- Film poster
- Directed by: Sam Newfield
- Written by: Louis Stevens
- Produced by: Sam Newfield
- Starring: Jim Davis Allison Hayes
- Cinematography: Frederick Ford
- Edited by: Douglas Robertson
- Music by: John Bath
- Production company: Regal Films Inc
- Distributed by: 20th Century-Fox
- Release date: July 1958 (United States);
- Running time: 69 minutes
- Countries: United States Canada
- Language: English

= Wolf Dog =

1958 Northwestern movie

Wolf Dog, also known as A Boy and His Dog, is a 1958 Western film directed and produced by Sam Newfield and Regal Films. The film stars Jim Davis and Allison Hayes.

==Cast==
- Jim Davis

==Production==
In August 1957, Newfield and a camera crew filmed the movie in and around Markdale, Ontario, near Owen Sound, Ontario, Canada.

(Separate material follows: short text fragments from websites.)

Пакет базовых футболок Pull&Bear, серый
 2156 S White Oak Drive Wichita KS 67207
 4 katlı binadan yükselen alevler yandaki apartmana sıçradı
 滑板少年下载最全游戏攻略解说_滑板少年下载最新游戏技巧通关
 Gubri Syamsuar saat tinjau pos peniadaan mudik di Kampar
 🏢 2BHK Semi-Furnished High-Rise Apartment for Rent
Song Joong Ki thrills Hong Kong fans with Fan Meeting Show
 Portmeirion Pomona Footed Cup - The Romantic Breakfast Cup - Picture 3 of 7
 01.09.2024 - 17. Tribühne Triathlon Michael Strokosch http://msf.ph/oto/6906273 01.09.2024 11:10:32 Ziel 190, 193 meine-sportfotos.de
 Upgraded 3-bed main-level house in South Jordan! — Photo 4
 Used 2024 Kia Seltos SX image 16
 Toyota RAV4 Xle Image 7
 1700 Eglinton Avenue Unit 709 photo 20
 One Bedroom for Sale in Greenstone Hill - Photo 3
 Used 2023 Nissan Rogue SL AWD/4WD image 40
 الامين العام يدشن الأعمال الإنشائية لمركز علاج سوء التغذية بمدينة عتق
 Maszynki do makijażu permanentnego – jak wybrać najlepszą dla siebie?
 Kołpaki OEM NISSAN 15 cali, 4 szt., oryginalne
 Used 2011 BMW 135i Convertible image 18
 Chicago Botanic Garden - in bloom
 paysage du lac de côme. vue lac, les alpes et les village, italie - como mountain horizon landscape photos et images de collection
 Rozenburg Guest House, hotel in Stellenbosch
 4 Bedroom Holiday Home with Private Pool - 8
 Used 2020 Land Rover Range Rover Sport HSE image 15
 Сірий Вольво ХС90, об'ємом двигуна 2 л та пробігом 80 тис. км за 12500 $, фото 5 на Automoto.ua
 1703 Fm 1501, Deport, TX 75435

The movie co-starred Hollywood actors Jim Davis, Allison Hayes, John Hart, and Canadian actors Austin Willis, Don Garrard and Tony Brown. Several locals were offered a chance to be unpaid "extras." Among those were Paul Hutton, Jerry Bartley, Constable Clarence Bowins, David Jackson, Officer Jack Johnston, Ron Wyvill, and Don Wyvill.

==Reception==
While not an artistic or commercial success, the film is noteworthy in that it was created almost 40 years before Telefilm Canada and federal government subsidies enabled big-name movies to be filmed in Canadian locales. It was shot in Canada and was filmed in Alberta and Ontario. Markdale residents were delighted to have Hollywood make a film in their town.

It was hoped a film set in "The Great North Country" would be a crossover hit in the U.S. and the Commonwealth, both lucrative movie markets. For reasons unknown, the film disappeared from the public eye for almost 50 years. An unsubstantiated rumor suggested one of the main actors wanted all traces of the film destroyed. The only known copies of the film are an incomplete version stored at the National Archives of Canada and a complete version at the U.S. Library of Congress.

Copies of the movie can be found at the Markdale Public Library, Ontario, Canada, donated by the creator of the fan site, Jeff Wilson. He, along with actors from the film, Ron Wyvill and Paul Hutton, appeared in a short documentary made by Rogers Television, Owen Sound. Wilson and Wyvill also organized several screenings in the town of Markdale, Ontario, where the film was originally shot. There is also a link to a radio interview with Ron Wyvill on YouTube, which can be found on the channel Toonguy85, which belongs to Wilson.

All distribution copyrights belong to 20th Century Fox.